Andy also lives in the Twin Cities, and at the time we and others were establishing a conservancy to protect lands adjacent to our respective properties. We had to make a quick, mid-week trip for an organizational meeting and decided to drive up together the night before to discuss issues informally ahead of the group session.

Prior to that drive we hadn’t known much about each other.

Once we’d cleared the outer limits of the metro area and mundane conversation, I asked Andy some background questions—“Where’dja grow up? Go to school? . . . and so on. Among other things: his parents had been WWII-era Latvian refugees; his mother, a renowned linguist; he’d majored in English at Yale.

The disclosure prompted brief talk about literature generally. Given my deficiencies in that regard, I could maintain such a conversation for only so long. Just before my limit, Andy saved me with an anecdote.

“By the way,” Andy said, “my choice of major was the result of a heated argument the night before we had to declare.  Upon reaching campus I’d wanted to major in philosophy. I figured that philosophy held the keys to understanding everything else in life. That was a naive construct, but I was young, and when you’re young you’re dumb because you think you’re smart.

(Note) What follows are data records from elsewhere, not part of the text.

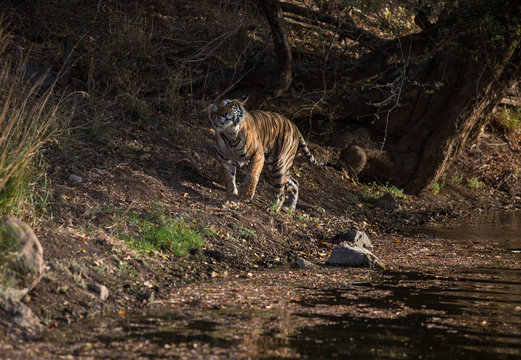 tiger at the Ranthambore National Park. India. 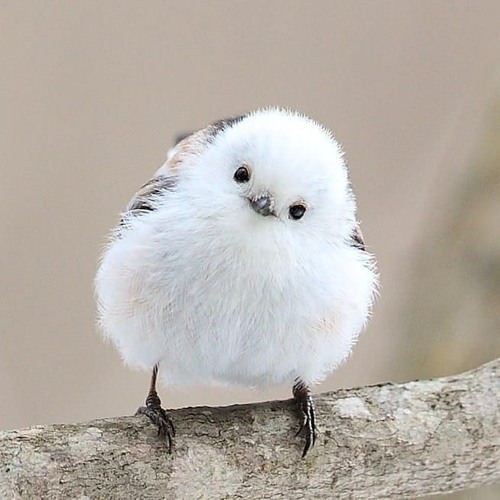 프로필사진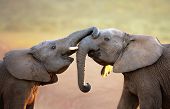 pic of animals  - Elephants touching each other gently  - JPG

“My roommate, meanwhile, wanted to major in English.  His take was that all truth is to be found in literature, and if other fields can be repositories of truth, none is as entertaining as literature. ‘How would you rather discover truth . . .’ he’d ask ‘. . . by reading Shakespeare or plodding through Wittgenstein?’

“So, anyway, the night before we had to choose our majors, my roommate and I had a vociferous argument that took us well past midnight. Philosophy vs. English; English vs. Philosophy. Each of us was so obstinate and so infatuated with our own arguments, the more we shouted, the more entrenched we became. It was like the Western Front in 1916.

“The next day we barely spoke to each other. In a demonstrative huff, he went off to class in one direction, and I stormed off to class in a different direction. Later in the day, we signed up for our majors. It wasn’t until that evening that we each discovered the true force of our arguments from the heated debate the night before.

“As it turned out, my roommate had decided to declare as a philosophy major. And I? I’d declared English.

“Then we laughed as hard as any Chaucerian character could laugh!”

Erica’s right after all: truth is in humor.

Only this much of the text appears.